Output all the data exactly as it appears below.

┏━━

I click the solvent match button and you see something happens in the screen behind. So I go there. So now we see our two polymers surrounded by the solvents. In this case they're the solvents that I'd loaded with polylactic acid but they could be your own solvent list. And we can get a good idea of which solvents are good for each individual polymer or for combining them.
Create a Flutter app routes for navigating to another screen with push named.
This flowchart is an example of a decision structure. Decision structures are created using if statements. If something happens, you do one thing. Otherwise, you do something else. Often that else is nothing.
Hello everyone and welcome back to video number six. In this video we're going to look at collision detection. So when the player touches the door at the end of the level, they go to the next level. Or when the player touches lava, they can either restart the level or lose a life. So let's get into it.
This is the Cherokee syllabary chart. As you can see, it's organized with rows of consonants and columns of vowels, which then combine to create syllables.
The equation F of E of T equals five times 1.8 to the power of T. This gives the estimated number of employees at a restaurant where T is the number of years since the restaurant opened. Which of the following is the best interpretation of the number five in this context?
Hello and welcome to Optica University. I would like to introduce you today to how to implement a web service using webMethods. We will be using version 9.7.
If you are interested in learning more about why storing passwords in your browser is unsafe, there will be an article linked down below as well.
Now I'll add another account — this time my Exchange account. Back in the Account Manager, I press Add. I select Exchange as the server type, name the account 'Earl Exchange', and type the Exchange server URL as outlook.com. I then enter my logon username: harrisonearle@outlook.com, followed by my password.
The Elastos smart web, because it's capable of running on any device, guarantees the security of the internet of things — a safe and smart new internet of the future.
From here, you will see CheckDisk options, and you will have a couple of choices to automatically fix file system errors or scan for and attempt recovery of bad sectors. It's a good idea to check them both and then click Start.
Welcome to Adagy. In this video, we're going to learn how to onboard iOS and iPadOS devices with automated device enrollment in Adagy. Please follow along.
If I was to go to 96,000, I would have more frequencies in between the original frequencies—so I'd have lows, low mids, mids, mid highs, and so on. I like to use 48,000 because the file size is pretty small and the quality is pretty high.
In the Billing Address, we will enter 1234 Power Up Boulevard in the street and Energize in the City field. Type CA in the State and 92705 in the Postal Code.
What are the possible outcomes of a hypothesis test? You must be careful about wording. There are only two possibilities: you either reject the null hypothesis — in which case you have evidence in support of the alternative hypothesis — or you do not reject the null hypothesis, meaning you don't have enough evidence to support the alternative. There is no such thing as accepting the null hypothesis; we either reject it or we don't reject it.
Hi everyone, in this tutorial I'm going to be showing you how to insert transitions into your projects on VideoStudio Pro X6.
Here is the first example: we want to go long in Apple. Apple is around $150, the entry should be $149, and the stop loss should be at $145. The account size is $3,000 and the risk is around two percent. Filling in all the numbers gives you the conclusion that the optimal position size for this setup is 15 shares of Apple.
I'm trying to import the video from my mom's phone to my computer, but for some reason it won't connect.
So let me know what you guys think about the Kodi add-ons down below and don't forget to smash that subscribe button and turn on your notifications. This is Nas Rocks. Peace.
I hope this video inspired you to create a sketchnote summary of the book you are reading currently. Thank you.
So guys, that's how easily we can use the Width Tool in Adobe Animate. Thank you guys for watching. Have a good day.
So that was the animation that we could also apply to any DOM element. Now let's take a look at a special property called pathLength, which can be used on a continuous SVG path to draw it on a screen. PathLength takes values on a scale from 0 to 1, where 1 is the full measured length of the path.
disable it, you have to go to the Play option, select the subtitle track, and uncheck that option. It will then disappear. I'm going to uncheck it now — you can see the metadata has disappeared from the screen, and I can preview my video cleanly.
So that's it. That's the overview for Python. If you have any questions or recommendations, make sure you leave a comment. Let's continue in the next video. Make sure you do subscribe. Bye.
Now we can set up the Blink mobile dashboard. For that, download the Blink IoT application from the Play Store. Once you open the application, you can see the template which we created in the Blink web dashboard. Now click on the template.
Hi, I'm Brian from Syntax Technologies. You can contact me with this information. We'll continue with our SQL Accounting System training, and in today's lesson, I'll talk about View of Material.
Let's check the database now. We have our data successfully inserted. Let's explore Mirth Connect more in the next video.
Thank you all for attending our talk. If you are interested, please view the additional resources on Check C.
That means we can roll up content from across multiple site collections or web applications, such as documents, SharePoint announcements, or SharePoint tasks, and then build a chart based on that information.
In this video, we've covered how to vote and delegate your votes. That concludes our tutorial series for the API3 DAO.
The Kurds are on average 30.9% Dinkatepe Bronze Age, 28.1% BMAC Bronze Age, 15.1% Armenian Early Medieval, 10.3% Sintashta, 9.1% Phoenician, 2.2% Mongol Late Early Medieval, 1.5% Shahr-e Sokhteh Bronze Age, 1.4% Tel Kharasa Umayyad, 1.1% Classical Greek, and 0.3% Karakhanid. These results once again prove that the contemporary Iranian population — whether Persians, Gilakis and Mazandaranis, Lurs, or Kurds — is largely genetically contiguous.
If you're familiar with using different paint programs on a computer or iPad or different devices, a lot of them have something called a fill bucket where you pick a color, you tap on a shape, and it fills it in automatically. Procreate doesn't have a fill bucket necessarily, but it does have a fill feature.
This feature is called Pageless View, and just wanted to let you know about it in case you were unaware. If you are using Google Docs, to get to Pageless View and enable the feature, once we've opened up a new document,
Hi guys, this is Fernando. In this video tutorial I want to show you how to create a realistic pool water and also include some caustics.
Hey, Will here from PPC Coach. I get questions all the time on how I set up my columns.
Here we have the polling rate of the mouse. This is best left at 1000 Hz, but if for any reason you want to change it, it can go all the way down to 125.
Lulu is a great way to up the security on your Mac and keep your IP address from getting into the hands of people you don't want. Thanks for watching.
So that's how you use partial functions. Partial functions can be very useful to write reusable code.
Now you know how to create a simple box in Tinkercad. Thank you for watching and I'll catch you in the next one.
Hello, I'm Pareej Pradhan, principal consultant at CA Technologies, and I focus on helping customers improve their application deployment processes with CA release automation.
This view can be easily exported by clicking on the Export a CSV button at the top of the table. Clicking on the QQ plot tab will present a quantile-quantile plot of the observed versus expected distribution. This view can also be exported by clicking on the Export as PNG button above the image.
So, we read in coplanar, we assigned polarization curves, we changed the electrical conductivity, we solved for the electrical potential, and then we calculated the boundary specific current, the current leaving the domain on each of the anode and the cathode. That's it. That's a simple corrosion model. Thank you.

┗━━

Response for this exercise
I click the solvent match button and you see something happens in the screen behind. So I go there. So now we see our two polymers surrounded by the solvents. In this case they're the solvents that I'd loaded with polylactic acid but they could be your own solvent list. And we can get a good idea of which solvents are good for each individual polymer or for combining them.
Create a Flutter app routes for navigating to another screen with push named.
This flowchart is an example of a decision structure. Decision structures are created using if statements. If something happens, you do one thing. Otherwise, you do something else. Often that else is nothing.
Hello everyone and welcome back to video number six. In this video we're going to look at collision detection. So when the player touches the door at the end of the level, they go to the next level. Or when the player touches lava, they can either restart the level or lose a life. So let's get into it.
This is the Cherokee syllabary chart. As you can see, it's organized with rows of consonants and columns of vowels, which then combine to create syllables.
The equation F of E of T equals five times 1.8 to the power of T. This gives the estimated number of employees at a restaurant where T is the number of years since the restaurant opened. Which of the following is the best interpretation of the number five in this context?
Hello and welcome to Optica University. I would like to introduce you today to how to implement a web service using webMethods. We will be using version 9.7.
If you are interested in learning more about why storing passwords in your browser is unsafe, there will be an article linked down below as well.
Now I'll add another account — this time my Exchange account. Back in the Account Manager, I press Add. I select Exchange as the server type, name the account 'Earl Exchange', and type the Exchange server URL as outlook.com. I then enter my logon username: harrisonearle@outlook.com, followed by my password.
The Elastos smart web, because it's capable of running on any device, guarantees the security of the internet of things — a safe and smart new internet of the future.
From here, you will see CheckDisk options, and you will have a couple of choices to automatically fix file system errors or scan for and attempt recovery of bad sectors. It's a good idea to check them both and then click Start.
Welcome to Adagy. In this video, we're going to learn how to onboard iOS and iPadOS devices with automated device enrollment in Adagy. Please follow along.
If I was to go to 96,000, I would have more frequencies in between the original frequencies—so I'd have lows, low mids, mids, mid highs, and so on. I like to use 48,000 because the file size is pretty small and the quality is pretty high.
In the Billing Address, we will enter 1234 Power Up Boulevard in the street and Energize in the City field. Type CA in the State and 92705 in the Postal Code.
What are the possible outcomes of a hypothesis test? You must be careful about wording. There are only two possibilities: you either reject the null hypothesis — in which case you have evidence in support of the alternative hypothesis — or you do not reject the null hypothesis, meaning you don't have enough evidence to support the alternative. There is no such thing as accepting the null hypothesis; we either reject it or we don't reject it.
Hi everyone, in this tutorial I'm going to be showing you how to insert transitions into your projects on VideoStudio Pro X6.
Here is the first example: we want to go long in Apple. Apple is around $150, the entry should be $149, and the stop loss should be at $145. The account size is $3,000 and the risk is around two percent. Filling in all the numbers gives you the conclusion that the optimal position size for this setup is 15 shares of Apple.
I'm trying to import the video from my mom's phone to my computer, but for some reason it won't connect.
So let me know what you guys think about the Kodi add-ons down below and don't forget to smash that subscribe button and turn on your notifications. This is Nas Rocks. Peace.
I hope this video inspired you to create a sketchnote summary of the book you are reading currently. Thank you.
So guys, that's how easily we can use the Width Tool in Adobe Animate. Thank you guys for watching. Have a good day.
So that was the animation that we could also apply to any DOM element. Now let's take a look at a special property called pathLength, which can be used on a continuous SVG path to draw it on a screen. PathLength takes values on a scale from 0 to 1, where 1 is the full measured length of the path.
disable it, you have to go to the Play option, select the subtitle track, and uncheck that option. It will then disappear. I'm going to uncheck it now — you can see the metadata has disappeared from the screen, and I can preview my video cleanly.
So that's it. That's the overview for Python. If you have any questions or recommendations, make sure you leave a comment. Let's continue in the next video. Make sure you do subscribe. Bye.
Now we can set up the Blink mobile dashboard. For that, download the Blink IoT application from the Play Store. Once you open the application, you can see the template which we created in the Blink web dashboard. Now click on the template.
Hi, I'm Brian from Syntax Technologies. You can contact me with this information. We'll continue with our SQL Accounting System training, and in today's lesson, I'll talk about View of Material.
Let's check the database now. We have our data successfully inserted. Let's explore Mirth Connect more in the next video.
Thank you all for attending our talk. If you are interested, please view the additional resources on Check C.
That means we can roll up content from across multiple site collections or web applications, such as documents, SharePoint announcements, or SharePoint tasks, and then build a chart based on that information.
In this video, we've covered how to vote and delegate your votes. That concludes our tutorial series for the API3 DAO.
The Kurds are on average 30.9% Dinkatepe Bronze Age, 28.1% BMAC Bronze Age, 15.1% Armenian Early Medieval, 10.3% Sintashta, 9.1% Phoenician, 2.2% Mongol Late Early Medieval, 1.5% Shahr-e Sokhteh Bronze Age, 1.4% Tel Kharasa Umayyad, 1.1% Classical Greek, and 0.3% Karakhanid. These results once again prove that the contemporary Iranian population — whether Persians, Gilakis and Mazandaranis, Lurs, or Kurds — is largely genetically contiguous.
If you're familiar with using different paint programs on a computer or iPad or different devices, a lot of them have something called a fill bucket where you pick a color, you tap on a shape, and it fills it in automatically. Procreate doesn't have a fill bucket necessarily, but it does have a fill feature.
This feature is called Pageless View, and just wanted to let you know about it in case you were unaware. If you are using Google Docs, to get to Pageless View and enable the feature, once we've opened up a new document,
Hi guys, this is Fernando. In this video tutorial I want to show you how to create a realistic pool water and also include some caustics.
Hey, Will here from PPC Coach. I get questions all the time on how I set up my columns.
Here we have the polling rate of the mouse. This is best left at 1000 Hz, but if for any reason you want to change it, it can go all the way down to 125.
Lulu is a great way to up the security on your Mac and keep your IP address from getting into the hands of people you don't want. Thanks for watching.
So that's how you use partial functions. Partial functions can be very useful to write reusable code.
Now you know how to create a simple box in Tinkercad. Thank you for watching and I'll catch you in the next one.
Hello, I'm Pareej Pradhan, principal consultant at CA Technologies, and I focus on helping customers improve their application deployment processes with CA release automation.
This view can be easily exported by clicking on the Export a CSV button at the top of the table. Clicking on the QQ plot tab will present a quantile-quantile plot of the observed versus expected distribution. This view can also be exported by clicking on the Export as PNG button above the image.
So, we read in coplanar, we assigned polarization curves, we changed the electrical conductivity, we solved for the electrical potential, and then we calculated the boundary specific current, the current leaving the domain on each of the anode and the cathode. That's it. That's a simple corrosion model. Thank you.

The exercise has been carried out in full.